About this task ▸ Apart from the images, reproduce every record word for word.

++++++++

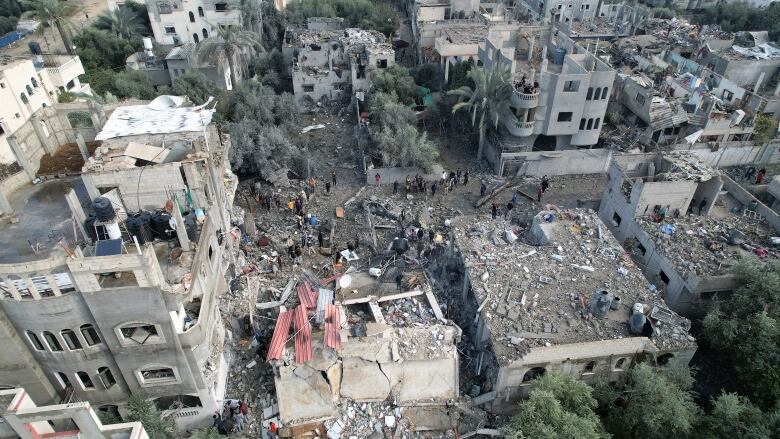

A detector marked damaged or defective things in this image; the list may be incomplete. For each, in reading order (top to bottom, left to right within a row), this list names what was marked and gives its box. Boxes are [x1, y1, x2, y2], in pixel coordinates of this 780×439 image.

damaged facade [284, 18, 396, 106]
damaged facade [0, 96, 239, 430]
damaged facade [444, 208, 696, 414]
broken window [26, 332, 44, 352]
broken window [43, 332, 63, 352]
broken window [60, 330, 82, 350]
broken window [119, 324, 160, 346]
broken window [76, 372, 95, 390]
broken window [98, 368, 116, 388]
broken window [141, 368, 177, 384]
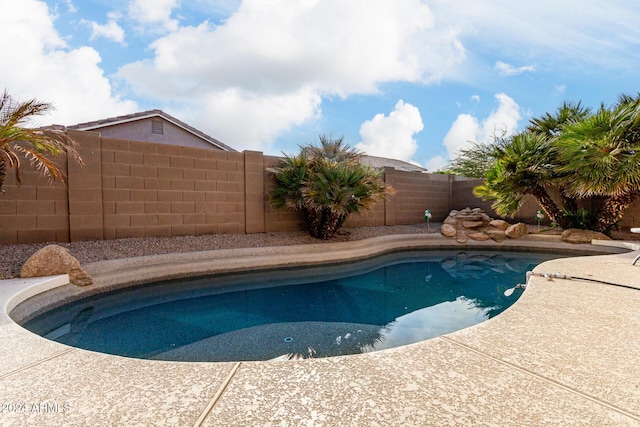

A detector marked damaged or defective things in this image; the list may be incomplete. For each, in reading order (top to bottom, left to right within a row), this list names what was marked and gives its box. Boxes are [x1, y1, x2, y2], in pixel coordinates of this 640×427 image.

cracked concrete deck [1, 236, 640, 426]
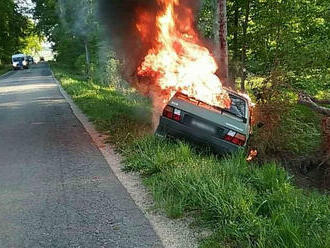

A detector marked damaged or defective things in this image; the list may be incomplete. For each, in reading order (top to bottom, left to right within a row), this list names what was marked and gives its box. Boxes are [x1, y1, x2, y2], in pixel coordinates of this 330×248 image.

crashed vehicle [11, 53, 29, 70]
crashed vehicle [155, 91, 250, 153]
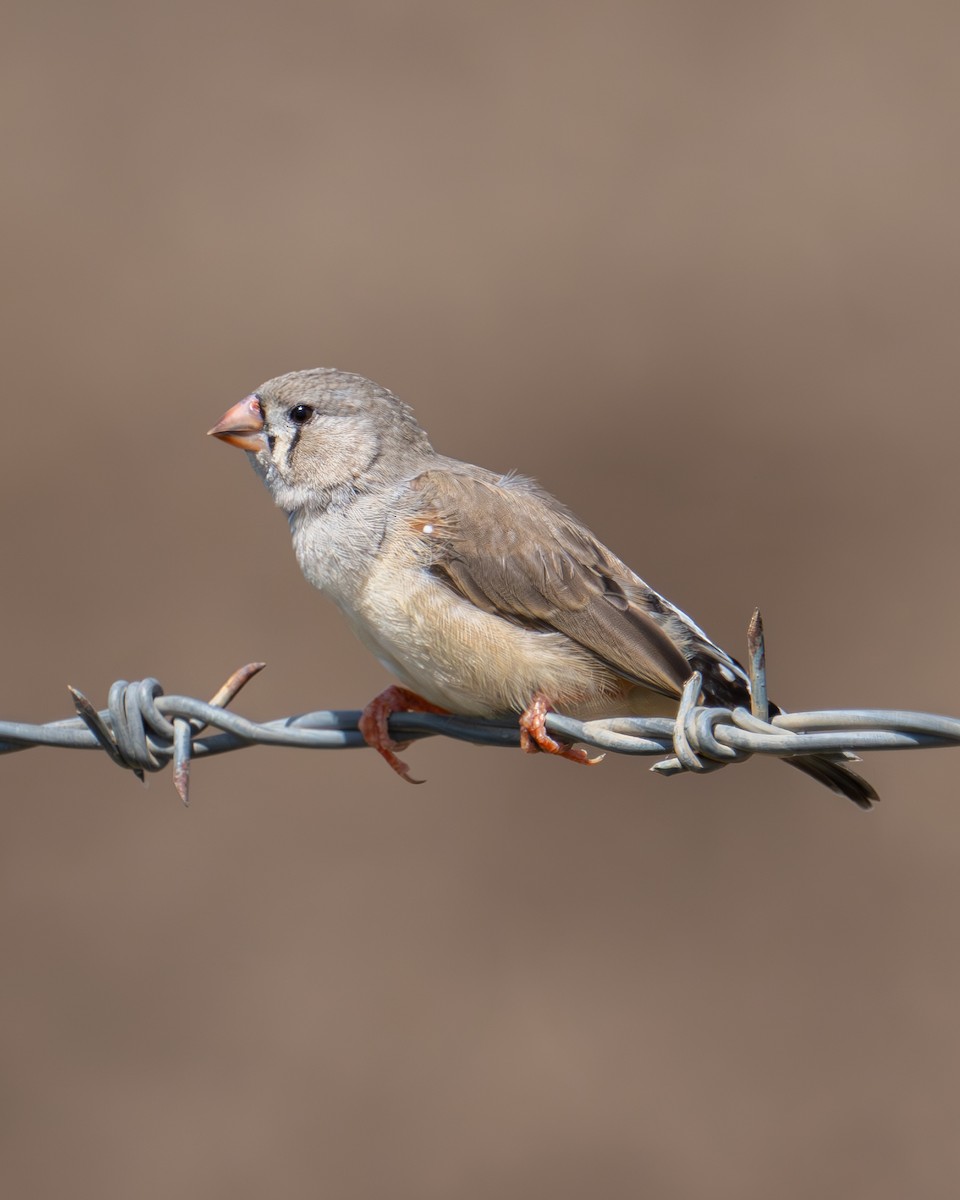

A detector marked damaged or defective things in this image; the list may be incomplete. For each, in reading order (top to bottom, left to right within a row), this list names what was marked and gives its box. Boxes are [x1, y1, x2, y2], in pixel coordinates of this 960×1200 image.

rusty barb [1, 608, 960, 808]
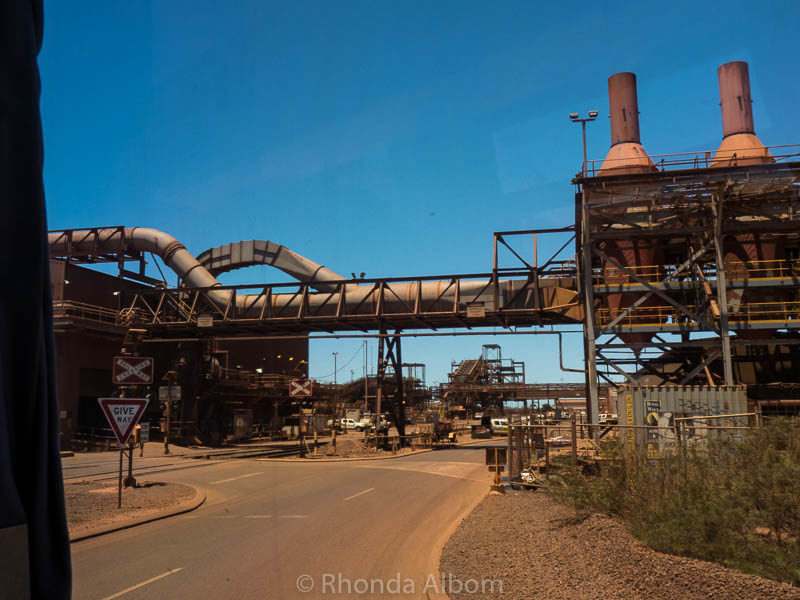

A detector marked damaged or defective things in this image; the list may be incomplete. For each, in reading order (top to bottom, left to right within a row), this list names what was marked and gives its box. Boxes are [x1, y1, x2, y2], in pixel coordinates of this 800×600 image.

rusty chimney stack [600, 72, 656, 176]
rusty chimney stack [716, 60, 772, 166]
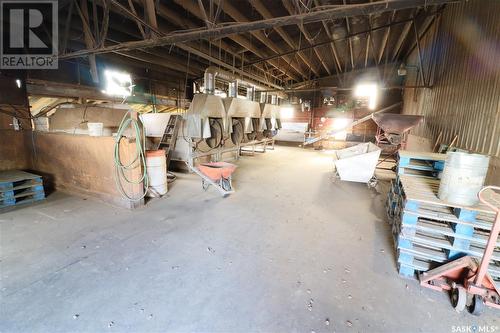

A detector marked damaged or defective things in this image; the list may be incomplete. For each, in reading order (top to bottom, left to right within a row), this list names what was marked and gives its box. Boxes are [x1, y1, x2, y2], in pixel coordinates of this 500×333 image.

rusted metal sheet [402, 0, 500, 158]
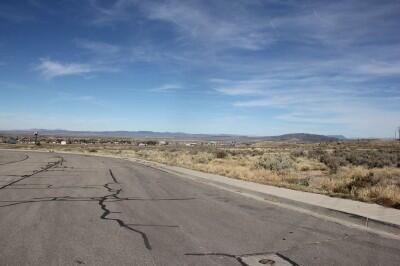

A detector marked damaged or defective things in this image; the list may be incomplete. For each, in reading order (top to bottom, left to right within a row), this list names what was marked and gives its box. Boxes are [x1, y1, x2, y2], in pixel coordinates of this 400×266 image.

cracked asphalt pavement [0, 151, 400, 264]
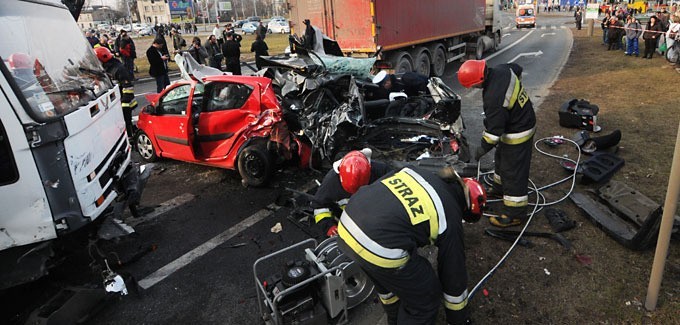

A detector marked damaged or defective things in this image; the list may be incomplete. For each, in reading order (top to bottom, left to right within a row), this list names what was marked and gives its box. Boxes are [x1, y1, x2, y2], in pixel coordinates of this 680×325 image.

severely crushed red car [135, 52, 310, 185]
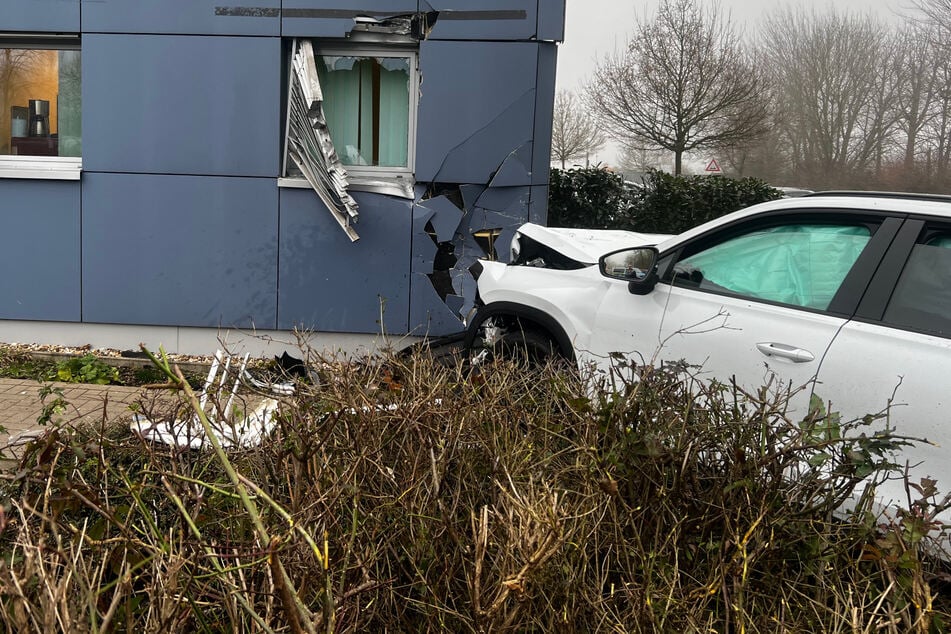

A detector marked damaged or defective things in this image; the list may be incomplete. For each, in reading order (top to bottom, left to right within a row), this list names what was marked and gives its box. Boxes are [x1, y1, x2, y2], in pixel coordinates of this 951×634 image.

damaged facade panel [286, 37, 360, 239]
torn metal panel [286, 39, 360, 241]
torn sheet metal [286, 39, 360, 241]
broken window [280, 37, 418, 239]
torn metal panel [414, 40, 540, 181]
torn metal panel [422, 0, 540, 40]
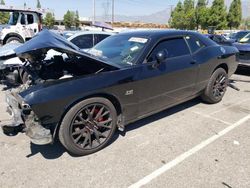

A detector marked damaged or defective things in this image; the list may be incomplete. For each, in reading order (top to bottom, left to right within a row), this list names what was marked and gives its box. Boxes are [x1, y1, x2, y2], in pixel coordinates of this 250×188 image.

++++++++

Task output ▸
A detector marked damaged or defective things in this image; the list may be incomplete. For each, in reading order (top to bottom, left to right within a row), this list names what was marked and gives its box. Boxes are [x1, y1, x2, y2], in pixel coordinates of this 780×439 image.

damaged facade [284, 18, 396, 106]
damaged facade [0, 96, 239, 430]
damaged facade [444, 208, 696, 414]
broken window [26, 332, 44, 352]
broken window [43, 332, 63, 352]
broken window [60, 330, 82, 350]
broken window [119, 324, 160, 346]
broken window [76, 372, 95, 390]
broken window [98, 368, 116, 388]
broken window [141, 368, 177, 384]

A detector marked damaged or defective things in this image; the list may be incomplete. For each, in reading order (top to bottom, left to right within a row), this list names what was marked and gives its box. Boxes are [x1, y1, x2, y2], in pixel coordinates of this 640×427 image.

cracked concrete deck [1, 236, 640, 426]

A detector marked damaged or defective things in this image; the list may be incomplete. For each, in reading order (top to bottom, left to right within a row), this list names what was marked and gives its box. Boxes are [x1, y1, x2, y2], in pixel coordinates of this 330×248 image.

crashed vehicle [11, 53, 29, 70]
crashed vehicle [155, 91, 250, 153]

A detector marked damaged or defective things in this image; the list may be incomplete. For each, in reading order (top to bottom, left to right within a row), this list names what was marked and gives its box. Boxes are [x1, y1, x2, y2], in pixel coordinates of this 960×1200 image.

rusty barb [1, 608, 960, 808]

A detector marked damaged or defective things in this image; the list may be incomplete. For each, in reading order (top to bottom, left to right within a row), this list names what was marked and gives its box. Boxes are [x1, y1, x2, y2], in pixel coordinates of this 800×600 image.

rusty chimney stack [600, 72, 656, 176]
rusty chimney stack [716, 60, 772, 166]

A detector marked damaged or defective things in this image; the list may be incomplete. For each, in reading order (top to bottom, left to right within a row), this list names what was marked and gives its box. Boxes are [x1, y1, x2, y2], in pixel coordinates of this 500×333 image.

rusted metal sheet [402, 0, 500, 158]

A detector marked damaged or defective things in this image; the list may be incomplete. For each, in reading order (top to bottom, left to right within a row), this list names what was marked and gives its box. Boxes are [x1, y1, x2, y2], in pixel coordinates of this 400×266 image.

cracked asphalt pavement [0, 151, 400, 264]

A detector marked damaged or defective things in this image; the list may be incomplete. For each, in reading order (top to bottom, left to right within a row), this list names what was marked and gives its box. Boxes are [x1, y1, x2, y2], in pixel coordinates of this 680×325 image.

severely crushed red car [135, 52, 310, 185]

A detector marked damaged or defective things in this image; the list may be incomplete. For each, in reading order (top to bottom, left to right within a row), this list names what was marked and gives its box. Boxes are [x1, y1, x2, y2], in pixel coordinates of this 951×634 image.

damaged facade panel [286, 37, 360, 239]
torn metal panel [286, 39, 360, 241]
torn sheet metal [286, 39, 360, 241]
broken window [280, 37, 418, 239]
torn metal panel [414, 40, 540, 181]
torn metal panel [422, 0, 540, 40]

A detector marked damaged or defective things in this image; the list may be incomplete. For each, in reading order (top to bottom, left to right within a row), this list names what was marked and gives its box. Boxes are [x1, y1, x2, y2], in pixel coordinates of this 250×188 image.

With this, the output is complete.